1. Les risques liés au changement climatique
On distingue 3 types de risques. Le risque physique est le risque de catastrophes, qui pourront être de plus en plus coûteuses et de plus en plus dangereuses au fur et à mesure que la température augmentera, créant des coûts sociaux très importants. Le risque juridique est lié au coût d'assurance pour indemniser les victimes du changement climatique. Ils peuvent augmenter au fur et à mesure où le risque physique se développe. Enfin, le risque de transition est un risque différent. C'est celui des pertes pour les producteurs de produits polluants et leurs financiers, lorsqu'on fait des investissements qui transforment la structure de production vers l'économie bas carbone, ce qui entraîne forcément que ces industries polluantes vont se dévaloriser, c'est-à-dire créer des pertes importantes. Un exemple de catégorie de risque physique peut être lié à la simulation de hausse de température. On pourra se rappeler que la canicule de 2003 a été très importante et a créé des morts. Elle ne s'est produite qu'une seule fois depuis 1950. Que se passe-t-il si la température s'élève de 2 degrés ou de 3 degrés en moyenne ? La possibilité d'avoir des canicules plus amples et plus fréquentes devient très importante, créant évidemment des dangers considérables de détérioration des modes de vie.

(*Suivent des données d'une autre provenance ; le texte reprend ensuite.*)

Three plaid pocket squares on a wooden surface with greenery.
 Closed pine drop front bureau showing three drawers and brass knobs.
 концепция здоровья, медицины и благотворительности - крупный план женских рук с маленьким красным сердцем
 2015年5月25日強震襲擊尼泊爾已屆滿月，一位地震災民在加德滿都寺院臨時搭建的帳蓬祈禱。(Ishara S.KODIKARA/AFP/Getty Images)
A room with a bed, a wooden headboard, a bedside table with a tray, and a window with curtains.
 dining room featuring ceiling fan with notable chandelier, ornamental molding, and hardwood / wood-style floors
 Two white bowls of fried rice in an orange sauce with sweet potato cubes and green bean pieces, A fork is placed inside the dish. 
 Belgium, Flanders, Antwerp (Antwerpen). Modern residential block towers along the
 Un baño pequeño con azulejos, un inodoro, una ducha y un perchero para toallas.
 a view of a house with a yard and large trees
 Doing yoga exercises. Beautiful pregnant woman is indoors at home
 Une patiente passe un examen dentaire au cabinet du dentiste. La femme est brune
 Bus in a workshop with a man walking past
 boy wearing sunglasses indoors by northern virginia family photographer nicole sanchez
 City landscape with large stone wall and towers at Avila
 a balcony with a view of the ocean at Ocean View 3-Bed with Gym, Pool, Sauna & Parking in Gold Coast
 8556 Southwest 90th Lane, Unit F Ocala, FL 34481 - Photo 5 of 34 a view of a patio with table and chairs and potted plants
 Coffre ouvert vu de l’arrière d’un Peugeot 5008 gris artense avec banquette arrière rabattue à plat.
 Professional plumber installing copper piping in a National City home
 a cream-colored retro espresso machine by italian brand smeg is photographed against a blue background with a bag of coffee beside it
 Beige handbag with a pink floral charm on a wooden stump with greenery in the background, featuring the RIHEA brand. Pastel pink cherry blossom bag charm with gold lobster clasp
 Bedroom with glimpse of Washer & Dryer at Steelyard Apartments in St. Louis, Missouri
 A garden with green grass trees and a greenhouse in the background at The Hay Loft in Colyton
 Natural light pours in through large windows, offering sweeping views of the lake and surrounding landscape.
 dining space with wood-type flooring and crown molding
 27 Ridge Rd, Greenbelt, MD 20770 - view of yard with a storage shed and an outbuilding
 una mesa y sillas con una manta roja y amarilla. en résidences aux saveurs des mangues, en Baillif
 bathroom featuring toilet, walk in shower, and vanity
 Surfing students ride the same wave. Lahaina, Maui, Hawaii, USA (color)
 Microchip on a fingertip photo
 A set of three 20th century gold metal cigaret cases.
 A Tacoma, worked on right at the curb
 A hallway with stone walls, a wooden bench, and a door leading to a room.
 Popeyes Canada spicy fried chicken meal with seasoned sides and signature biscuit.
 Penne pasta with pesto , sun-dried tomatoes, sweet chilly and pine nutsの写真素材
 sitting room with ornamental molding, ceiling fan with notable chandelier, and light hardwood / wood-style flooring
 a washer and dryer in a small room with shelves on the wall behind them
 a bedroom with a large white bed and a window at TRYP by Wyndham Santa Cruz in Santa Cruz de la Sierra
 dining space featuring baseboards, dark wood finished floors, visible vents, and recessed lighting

Le risque de transition est lié aux pertes des industries polluantes. Le tableau ci-dessous illustre le fait que ces pertes peuvent être très lourdes. En conséquence, le problème de la transition est difficile, puisque cette transition doit aboutir à une transformation complète de la structure de production. Il faut pouvoir la faire à de manière lente et progressive pour pouvoir absorber les pertes, donc il faut un contrôle du processus de régulation de cette transition.
2. Accord de Paris et transition
L'Accord de Paris est le point de départ parce qu'il s'engage vers l'idée d'aller vers un mode de vie et un mode de croissance qui soient soutenables et inclusifs. Ceci implique 2 types d'investissements : des investissements de réductions des gaz à effet de serre, ce sont les plus importants, et des investissements d'adaptation pendant la période de transition, pour que les coûts sociaux des risques physiques dont on a parlés soient des coûts sociaux qu'on puisse amortir. Ces 2 caractéristiques sont importantes. Il faut pouvoir développer l'économie dans ce sens-là. Or ceci est loin d'être fait car l'Accord de Paris a entraîné des intentions que les gouvernements ont énoncé pour prendre des actions concrètes. Quels sont les effets sur les trajectoires de la température ? Ces intentions permettent d'amortir la trajectoire de hausse de la température spontanée qui se produirait si on ne faisait rien. Mais si vous regardez les trajectoires vertes qui sont les plus importantes, c'est-à-dire celles qui aboutissent à se caler sur une trajectoire de 2 degrés de la température ou sur une trajectoire de 1,5 degré, ce qui est encore mieux, elles impliquent des efforts d'investissement, donc de réduction des émissions, beaucoup plus importants que ce qui est aujourd'hui impliqué dans les intentions affichées par les gouvernements. Donc le problème reste posé, reste entier.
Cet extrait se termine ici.